(Study material)

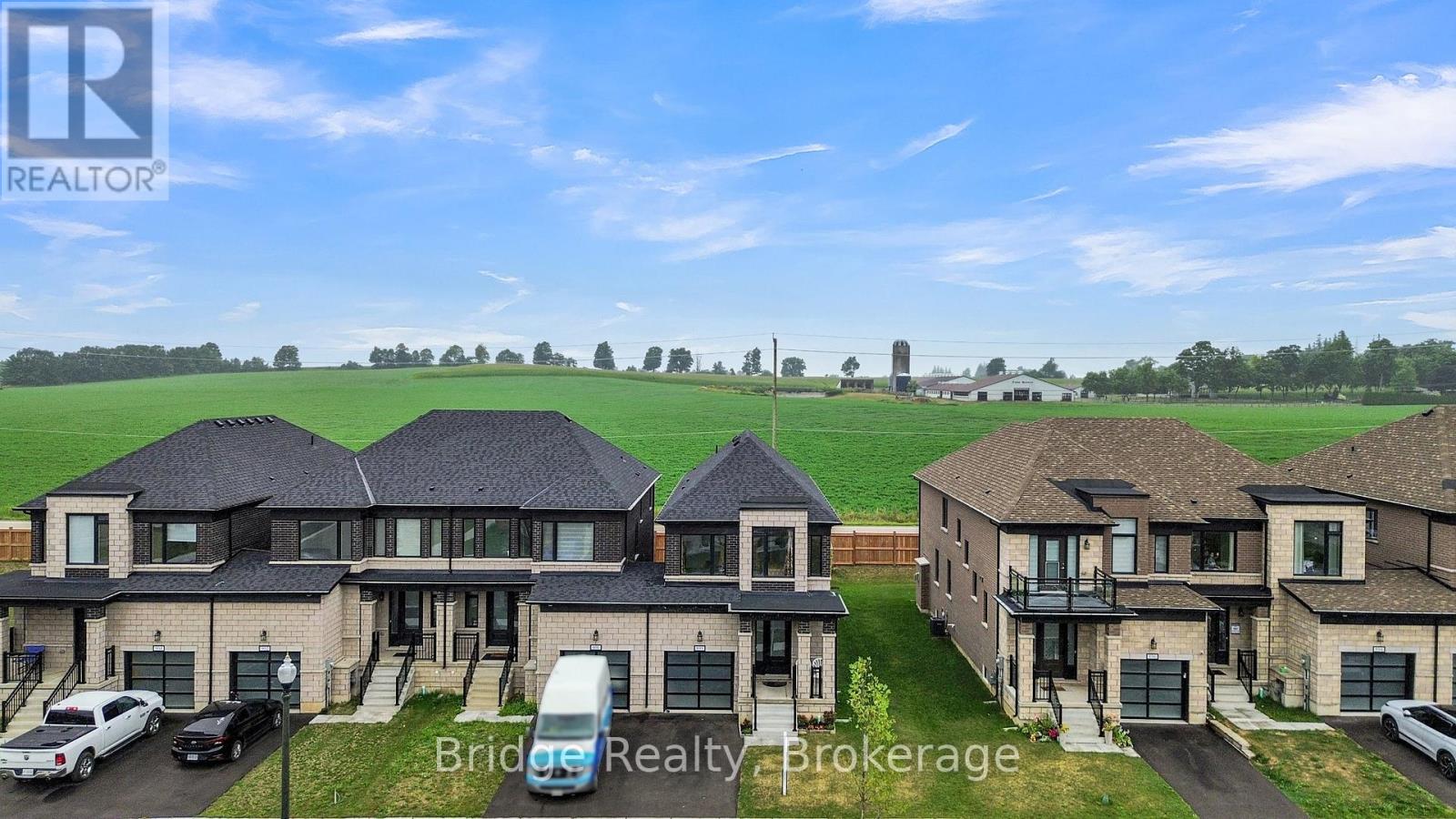 Photo 48 of 898 Sobeski Avenue, Woodstock ON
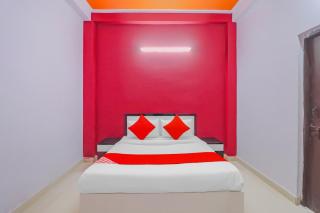Hotel O Primrose Hotel's Near Noida Sector 76 Metro Station - 1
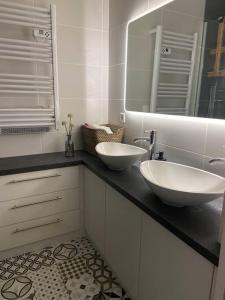 Appartements superbe T3 centre ville avec garage ferme : photos des chambres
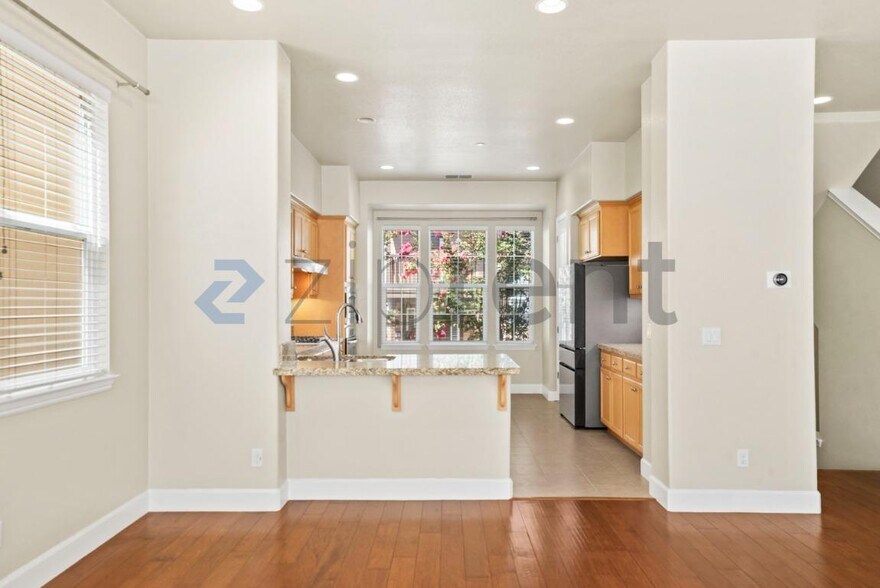 Building Photo - Unit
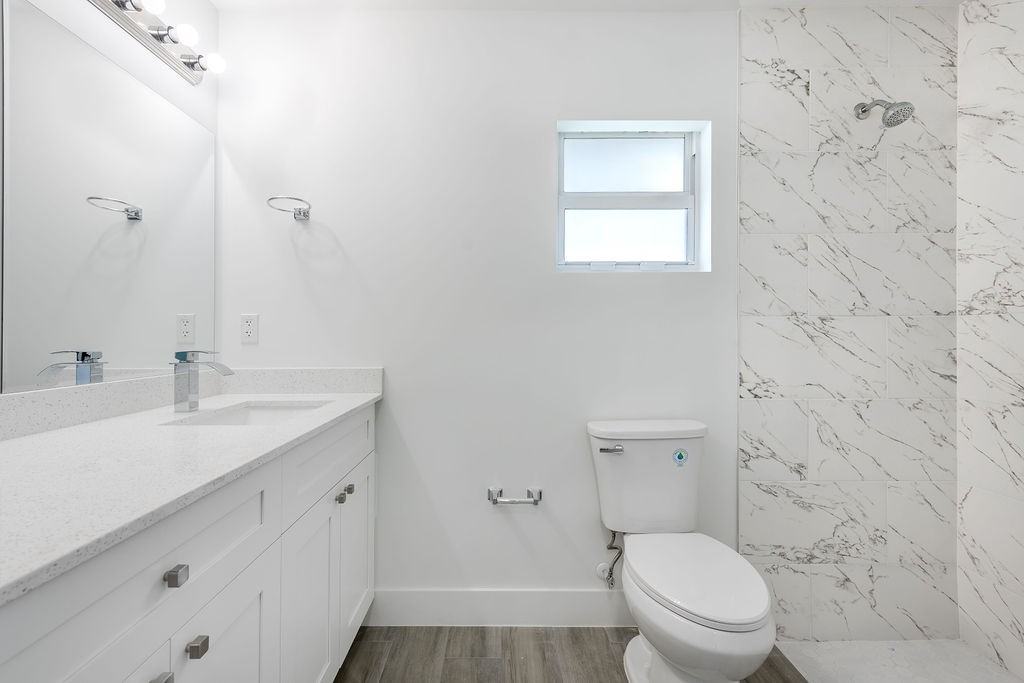 3018 Se Iris St #1 - Photo 6 of 16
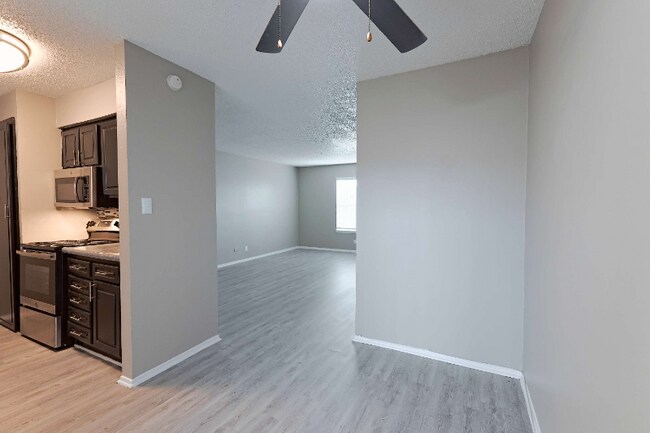 Photo - 531 Bedford Rd Apartamento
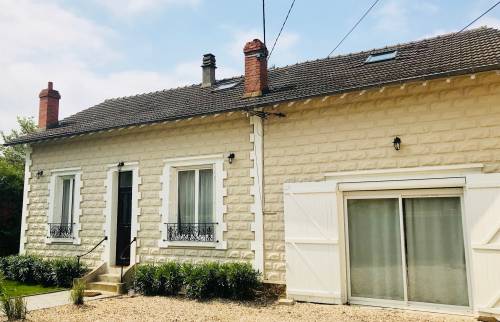 Allée et accès maison rénovés Galluis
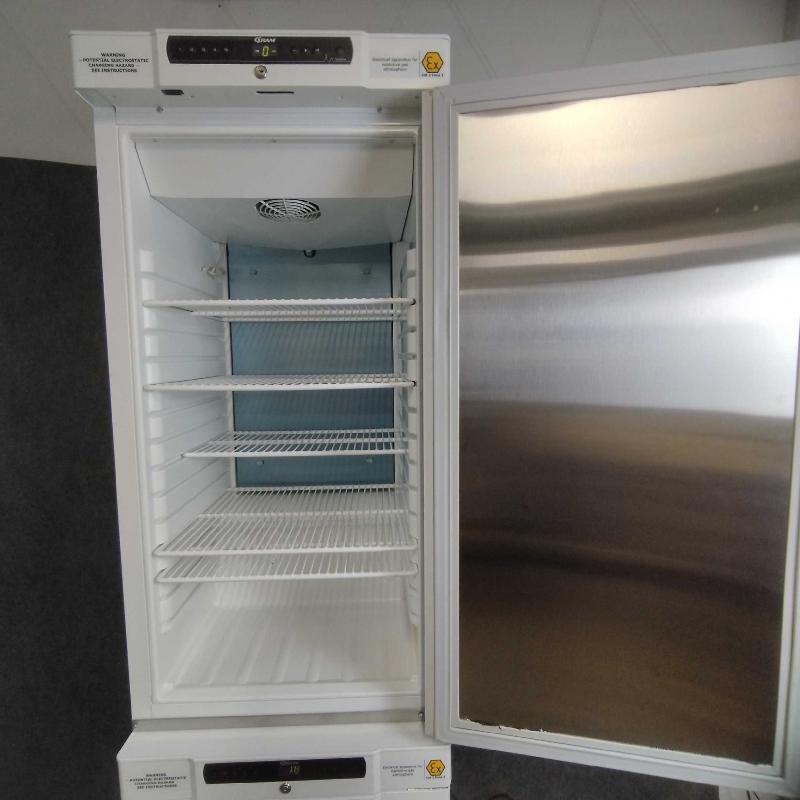 Armoire laboratoire positive Gram IIRR310LG10_1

(End Study material)

Return each line of the data, keeping its wording exact and omitting pictures.

 Photo 48 of 898 Sobeski Avenue, Woodstock ON
Hotel O Primrose Hotel's Near Noida Sector 76 Metro Station - 1
 Appartements superbe T3 centre ville avec garage ferme : photos des chambres
 Building Photo - Unit
 3018 Se Iris St #1 - Photo 6 of 16
 Photo - 531 Bedford Rd Apartamento
 Allée et accès maison rénovés Galluis
 Armoire laboratoire positive Gram IIRR310LG10_1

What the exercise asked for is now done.